Marley warns Scrooge that his own chain was as seven times full and heavy as Marley's seven years ago, and that he has been working on it since owing to his indifference to the poor. Scrooge's chain is now ponderous and to avoid an eternity of purgatory, Scrooge must change his life and show penance; to assist him with this, Marley has interceded for Scrooge to be visited by three Spirits who will offer him the chance of escaping the same fate. Marley warns Scrooge to expect the first Spirit when the clock tolls one, the second upon the next night at the same hour, and the third upon the third night when the clock has reached the last stroke of twelve, regardless of Scrooge's suggestion for them to come all at once. Marley tells Scrooge that he will not see him again and leaves the room through the open window where he joins other souls in limbo outside who are tormented by their inability to help the poor and needy in death, as they should have done in life.

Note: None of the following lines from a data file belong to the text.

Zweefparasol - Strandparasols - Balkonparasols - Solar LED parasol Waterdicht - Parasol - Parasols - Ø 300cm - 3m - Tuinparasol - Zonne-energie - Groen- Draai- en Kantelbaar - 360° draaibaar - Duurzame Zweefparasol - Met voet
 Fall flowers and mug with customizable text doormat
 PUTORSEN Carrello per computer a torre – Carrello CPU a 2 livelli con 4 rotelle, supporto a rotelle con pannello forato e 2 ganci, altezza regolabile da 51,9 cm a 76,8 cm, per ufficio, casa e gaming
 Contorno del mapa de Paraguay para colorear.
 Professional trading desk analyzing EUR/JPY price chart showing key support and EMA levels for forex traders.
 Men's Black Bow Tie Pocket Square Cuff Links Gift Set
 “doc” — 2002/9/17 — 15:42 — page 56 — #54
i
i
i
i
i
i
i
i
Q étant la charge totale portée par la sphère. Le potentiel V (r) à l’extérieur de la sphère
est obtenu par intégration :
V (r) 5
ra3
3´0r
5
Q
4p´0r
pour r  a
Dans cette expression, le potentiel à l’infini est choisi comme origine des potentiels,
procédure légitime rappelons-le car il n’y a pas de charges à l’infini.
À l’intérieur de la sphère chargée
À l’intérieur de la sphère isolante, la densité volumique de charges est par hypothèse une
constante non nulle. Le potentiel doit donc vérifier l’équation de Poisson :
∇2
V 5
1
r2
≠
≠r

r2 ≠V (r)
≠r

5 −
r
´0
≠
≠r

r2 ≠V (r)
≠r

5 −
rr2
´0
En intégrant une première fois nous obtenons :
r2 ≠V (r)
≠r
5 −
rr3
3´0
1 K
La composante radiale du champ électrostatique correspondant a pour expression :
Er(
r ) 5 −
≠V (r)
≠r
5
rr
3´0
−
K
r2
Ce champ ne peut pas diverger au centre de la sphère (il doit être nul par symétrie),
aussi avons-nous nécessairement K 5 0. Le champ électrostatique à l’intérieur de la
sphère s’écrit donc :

Other than the fact that Scrooge and Marley had been business partners in their counting house for many years and that the two men were alike in their greed, Dickens provides little background information about Jacob Marley. His presence in the story is to provide a warning in Stave One concerning the miserliness and misanthropy of Scrooge and to act as a herald for the three Ghosts of Christmas who are to come. Marley's intercession with some higher Power, so that Scrooge will not share Marley's fate, is provided as the explanation for the supernatural visitors who are to follow.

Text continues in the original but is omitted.